Masafer Yatta: The 22-year legal battle over West Bank village evictions, explained
Published May 27, 2022
(JTA) – As Joe Biden prepares for his first presidential visit to Israel in late June, his administration has made clear that it doesn’t want to see any more Israeli settlement builds or demolitions of Palestinian homes in the West Bank.
But weeks before Biden’s plane touches down, the conclusion of a two-decade-long court case that pitted more than 1,000 Palestinian villagers against the Israeli Defense Forces has resulted in some evictions and the threat of many more, potentially on a scale the region hasn’t seen in decades. It’s throwing a wrench into U.S.-Israel diplomacy, as Congress and the State Department have both weighed in on Israel’s actions.
So what is Masafer Yatta, the West Bank area that has so many activists, Jewish groups and politicians so worried?
What is Masafer Yatta and why am I hearing about it?
Masafer Yatta is a collection of a dozen rural Palestinian villages spanning thousands of acres in the South Hebron Hills, which is in Area C of the West Bank. In the 1980s, at the suggestion of then-agriculture minister (later prime minister) Ariel Sharon, the IDF asserted that they had the right to use part of the land as a firearms training ground, or Firing Zone, and signaled their intent to evict the Palestinians who lived in eight of the 12 villages.
The military argued that the villagers, mostly shepherds and farmers, had not established permanent residency in what they call Firing Zone 918 because the villagers lived a nomadic lifestyle, wandering the hills with their livestock and only settling in the villages seasonally. Many of the homes in the region are in natural caves, rather than standalone construction.
The villagers took the matter to Israeli court in 2000, arguing that their claim to the land pre-dated the IDF’s. In court, they presented as evidence a 1981 written recommendation from Sharon that stated the army should declare the area a firing zone in order to curb “the spread of the rural Arabs of the mountain down the side of the mountain facing the desert … and to keep these areas in our hands.”
In return, the IDF presented aerial photographs of the region from the 1980s that don’t appear to show any freestanding structures that would indicate a permanent Palestinian presence. The military also submitted as evidence a four-decade-old ethnographic study by Israeli anthropologist Yaakov Havakook finding that there were no “permanent dwellings” in the region (Havakook has since said that the military misinterpreted his work).
The resulting legal battle was drawn out for more than two decades, finally culminating May 4 in an unanimous decision from Israel’s Supreme Court that the military does have the right to the land.
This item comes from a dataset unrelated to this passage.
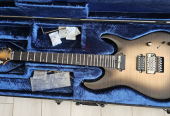 Schecter Banshee Mach 6 FR S Fallout Burst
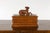19th Century 19th Century English Oak Decorative Box with Dog Carving For Sale - Image 5 of 12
As a result of the ruling, the IDF now has the legal authority to displace the more than 1,000 Palestinians who live in the eight villages within the Firing Zone.
The military offered to allow the Palestinians to return to the land on weekends and Jewish holidays when it was not conducting exercises, a proposal the Palestinians rejected.
“The Supreme Court fully accepted the State Of Israel’s position, and ruled that the petitioners were not permanent residents of the area,” the IDF said in a statement to the media. “The court also noted that the petitioners rejected any attempted compromise offered to them.”
What has happened since the court ruling?
The military has already begun carrying out some demolitions and evictions in the region following the court’s decision granting them the legal authority to do so. The IDF demolished around 20 structures across three villages in a day, according to media reports.
Activists warn that the case also sets a precedent for the IDF to later evict the other four villages in Masafer Yatta, should they so choose, a move that would affect another several hundred Palestinians. They also worry about the impact such a mass eviction would have on already-strained West Bank infrastructure, and say it could further embolden Israeli settlers to push outposts deeper into Palestinian territory.
“The ruling was devastating, and I think is about as bad as could have been possible,” Maya Rosen, a Jewish anti-occupation activist who organizes with the Israeli collective All That’s Left, told the Jewish Telegraphic Agency.
Rabbi Jill Jacobs, president of the U.S.-based rabbinic human rights group T’ruah, told JTA that the demolition and removal projects are “in violation of any human rights law, and it also honestly defies logic because it doesn’t help Israel, it doesn’t help Jews. All it’s doing is destroying people’s lives.”
If all the evictions were to be carried out, activists say it would constitute the largest single mass displacement of Palestinians by Israelis since the 1967 war that resulted in the West Bank occupation. But the IDF has not yet indicated whether it intends to displace everyone.
What does the Biden administration think of this?
The Biden administration has made clear in its public statements that it discourages further Israeli action in the West Bank, including both new settlement construction and mass demolitions of Palestinian homes.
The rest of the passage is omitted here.